◆ **REQUIREMENT**
An exact copy of all records is expected, minus the images.

=== RECORDS FOR THIS TASK ===

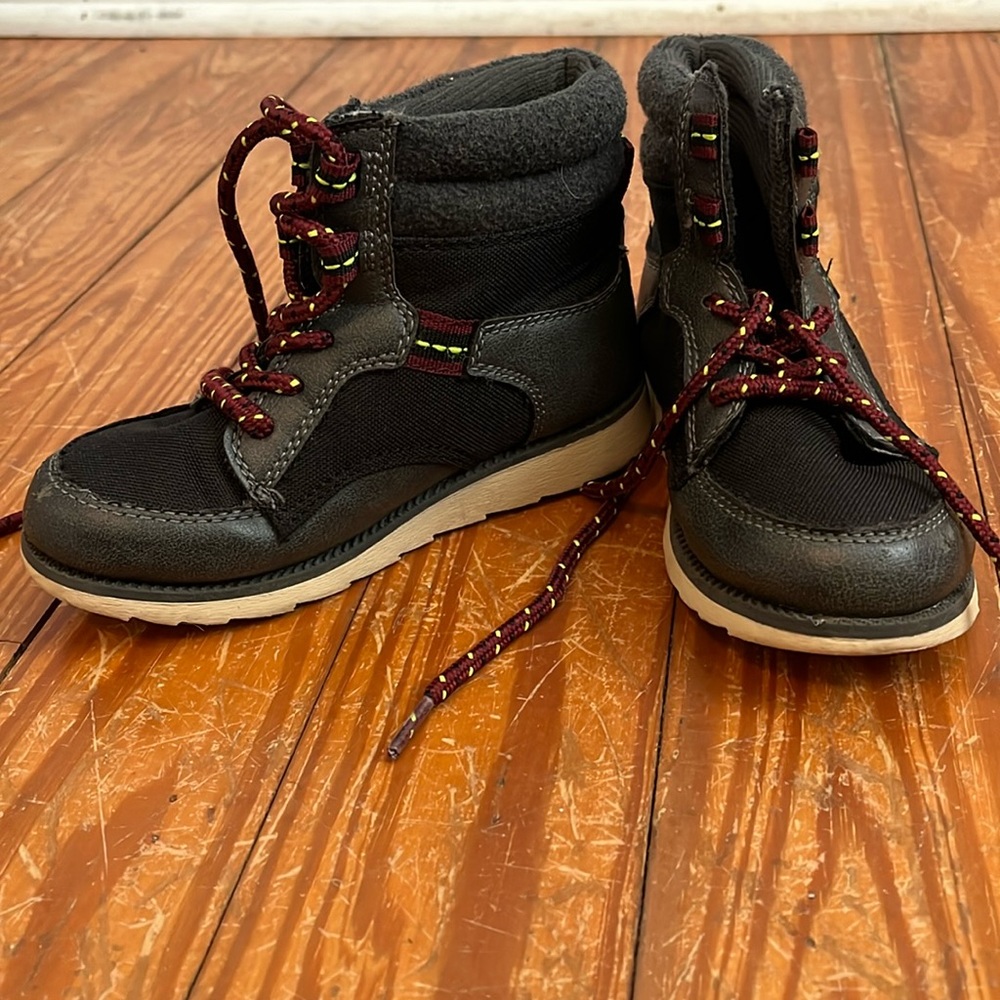 Infants snow boots size 10.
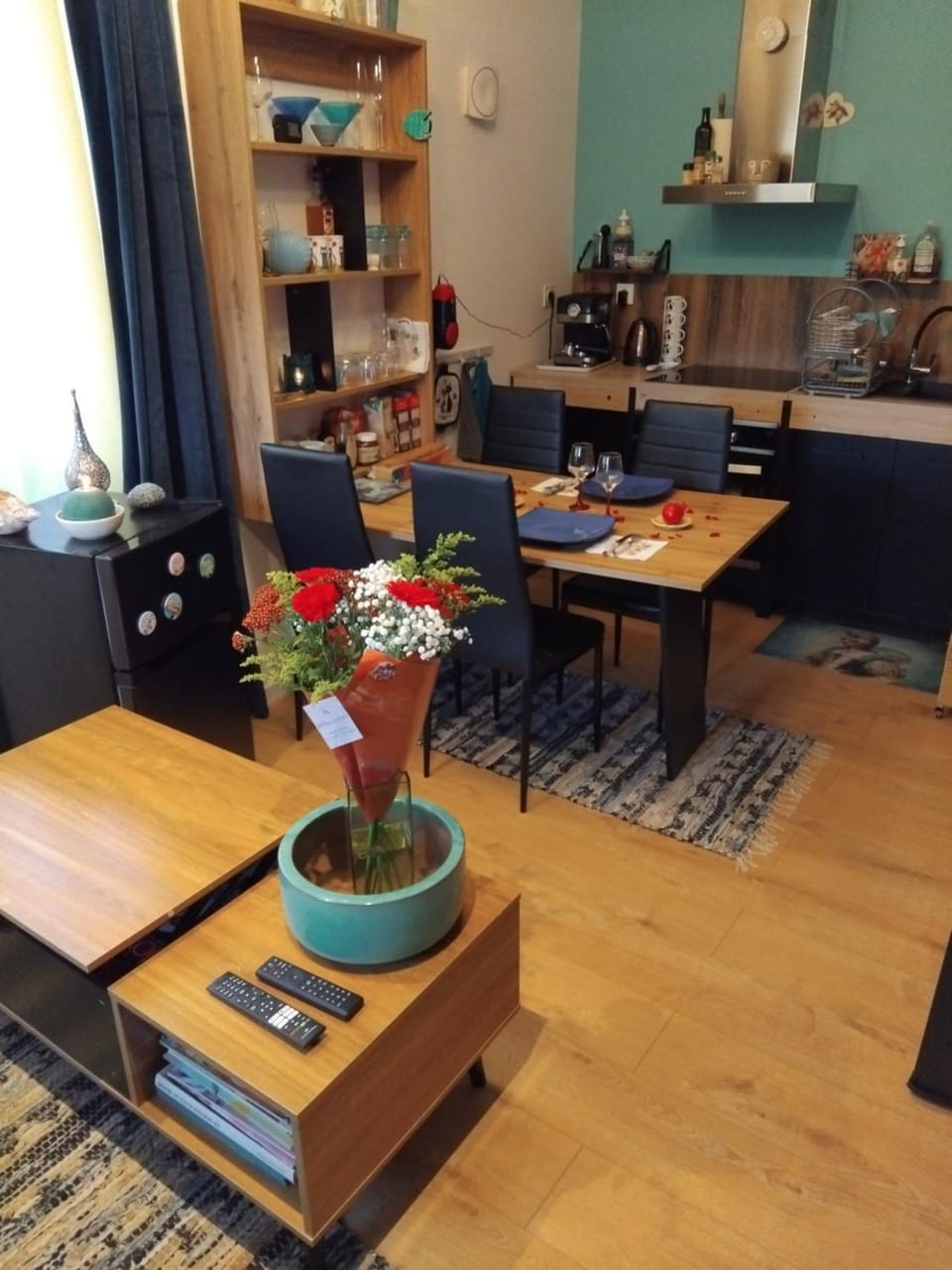 Kitchen or kitchenette, Dining area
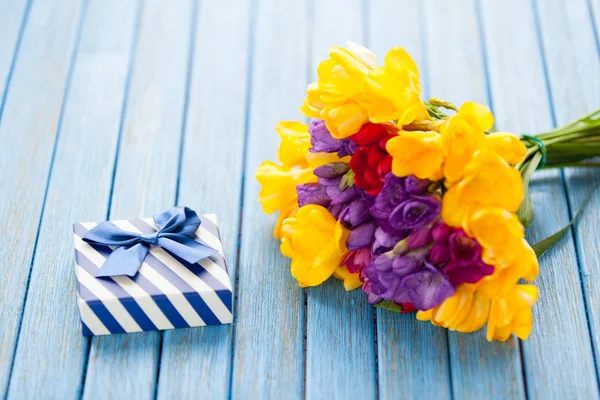 Confezione regalo e mazzo di fiori — Foto Stock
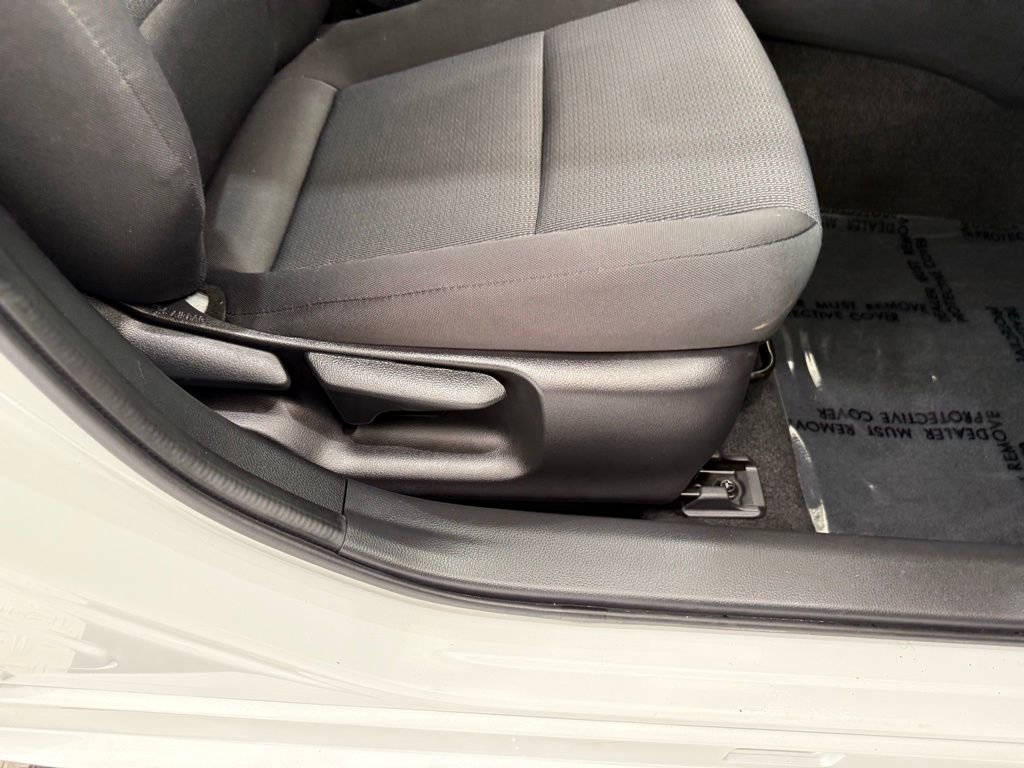 Used 2023 Toyota Prius LE FWD image 21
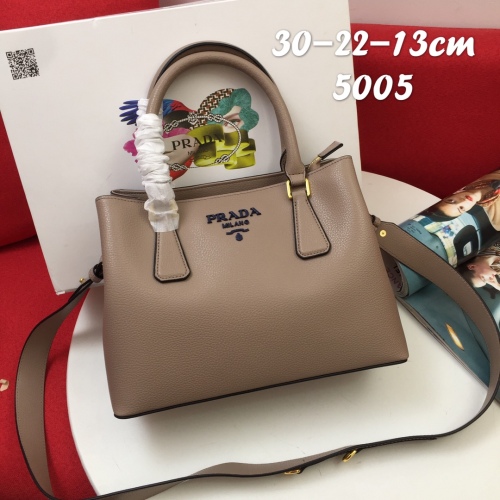 P*rada Bag Top Quality 30*22*13CM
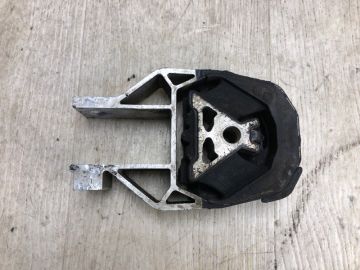 Подушка АКПП нижня лів. FORD FOCUS 10-18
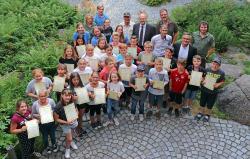 Glückwünsche und Zertifikate gab es für die frisch gebackenen Junior Ranger bei der Feierstunde im Hans-Eisenmann-Haus. (Foto: Fabian Wirth/Nationalpark Bayerischer Wald)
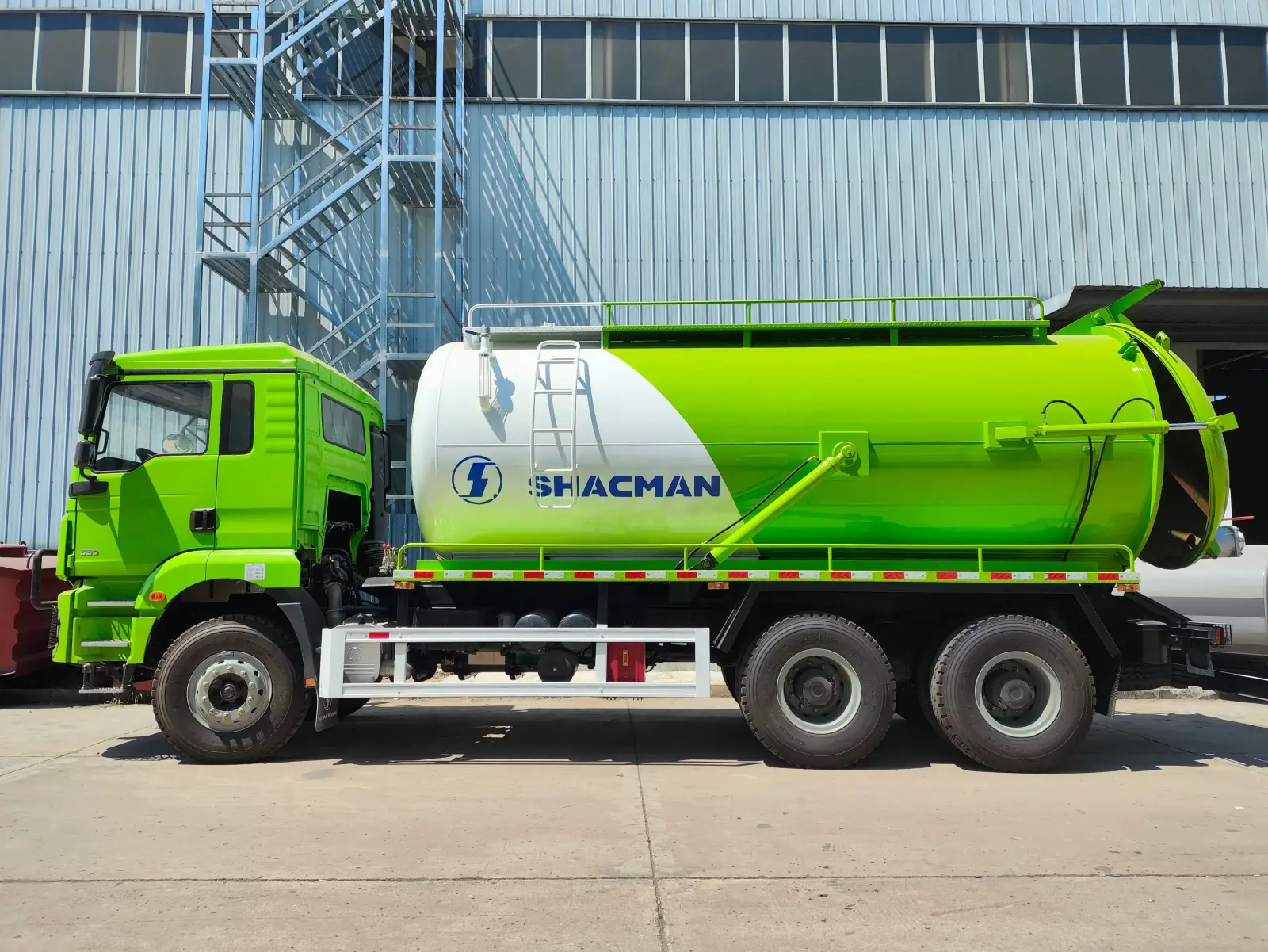 SHACMAN 6x4 20CBM Vacuum Sewage Suction Truck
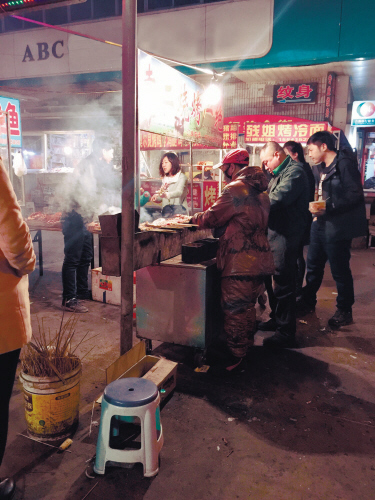 天刚转暖,烧烤摊就露头儿了。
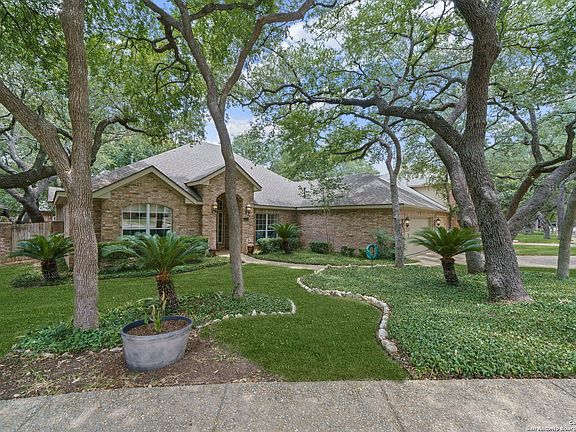 3rd image of 2323 Blackoak Bend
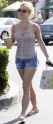 795678730_britneyspearshashairylegsatstarbucks2_122_247lo.jpg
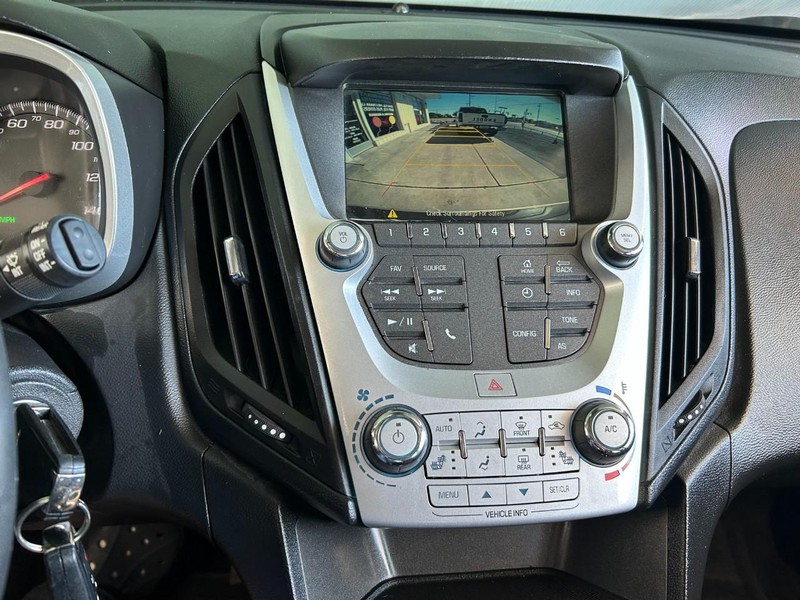 Chevrolet Equinox Vehicle Full-screen Gallery Image 13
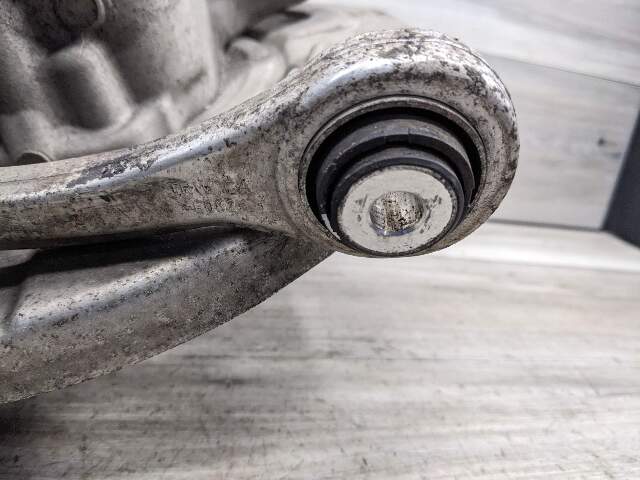 OEM BMW F85 F86 F15 F16 X5 X6 Rear Right Side Spindle Hub Carrier Knuckle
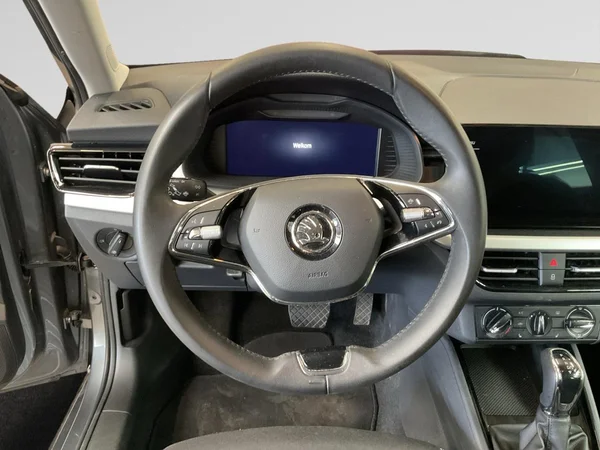 SKODA Kamiq (2024) — foto 4 van 24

===

◆ **RESPONSE**
 Infants snow boots size 10.
 Kitchen or kitchenette, Dining area
 Confezione regalo e mazzo di fiori — Foto Stock
 Used 2023 Toyota Prius LE FWD image 21
 P*rada Bag Top Quality 30*22*13CM
 Подушка АКПП нижня лів. FORD FOCUS 10-18
 Glückwünsche und Zertifikate gab es für die frisch gebackenen Junior Ranger bei der Feierstunde im Hans-Eisenmann-Haus. (Foto: Fabian Wirth/Nationalpark Bayerischer Wald)
 SHACMAN 6x4 20CBM Vacuum Sewage Suction Truck
 天刚转暖,烧烤摊就露头儿了。
 3rd image of 2323 Blackoak Bend
 795678730_britneyspearshashairylegsatstarbucks2_122_247lo.jpg
 Chevrolet Equinox Vehicle Full-screen Gallery Image 13
 OEM BMW F85 F86 F15 F16 X5 X6 Rear Right Side Spindle Hub Carrier Knuckle
 SKODA Kamiq (2024) — foto 4 van 24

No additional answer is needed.